教会と歴史(5) 石居 正己




むさしの教会元牧師、ルーテル学院大学・神学校元教授(教義学、キリスト教倫理)の石居正己牧師による受洗後教育講座です。




 (承前)民俗学で有名な柳田国男さんと歴史学者の家永三郎さんとが対談された記録がありますが、家永先生は歴史家ですから、文書の資料になっていないと、取り上げるわけにいかないという。柳田先生は民俗学の立場から、そんなことはない、書かれていない歴史があると言う。それは人々の生活習慣や、どういうお祭があるとか、どういう時にどういう歌を歌うか、踊るか、といったことから読み取らなくてはならないということになるのです。それらの事は、その人たちに伝えられた歴史だというのです。ですから、政治支配で歴史の色分けをするだけでなく、その下に生きた庶民の歴史を見なくてはならない。その歴史は区分ではなくて、むしろ時代時代が重なって伝えられています。

 教会の場合もある意味で同じような側面をもっています。

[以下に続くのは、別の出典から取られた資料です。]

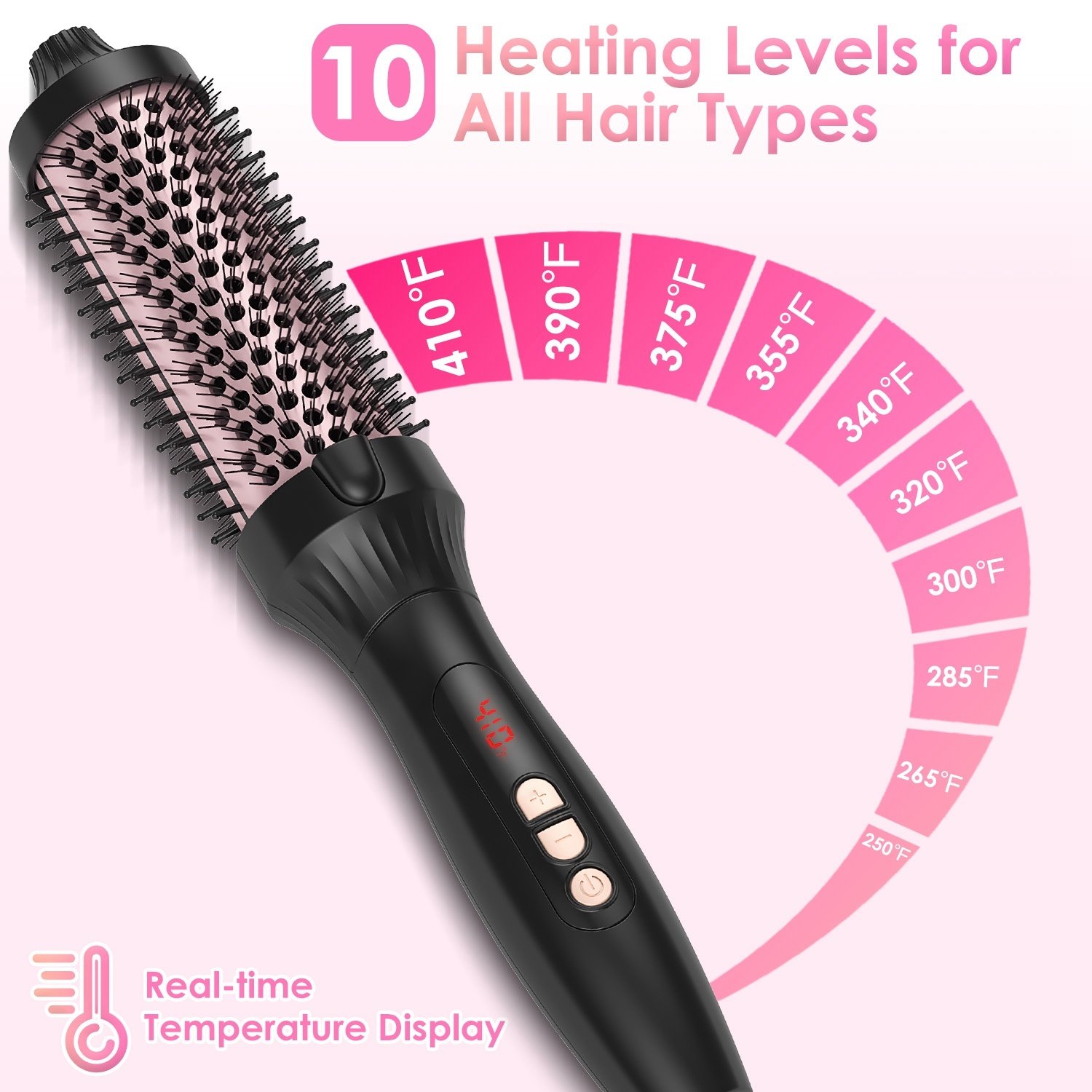 1Pc 3 In 1 Thermal Brush Hair Curler Brush Hair Curler Straightener With 10 Heating Levels 30S Fast Heating Fit For All Hair Types For Home Travel - Image 10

教会の政治や神学思想の歴史というだけでなく、実際の信徒の信仰の歴史を見なくてはならない。その大事な歴史の堆積が、私たちに身近かな礼拝や讃美の中にも伝えられているのです。私たちの教会の建物は何十年かしか経っていなくても、私たちが守っている礼拝の中には、実は見てごらん、これは2千年前のあるいは旧約時代の3千年前の柱です、ここに掛けられたものは千年前のものです、といったものが実に沢山あるのです。(続く)

(1995年 9月)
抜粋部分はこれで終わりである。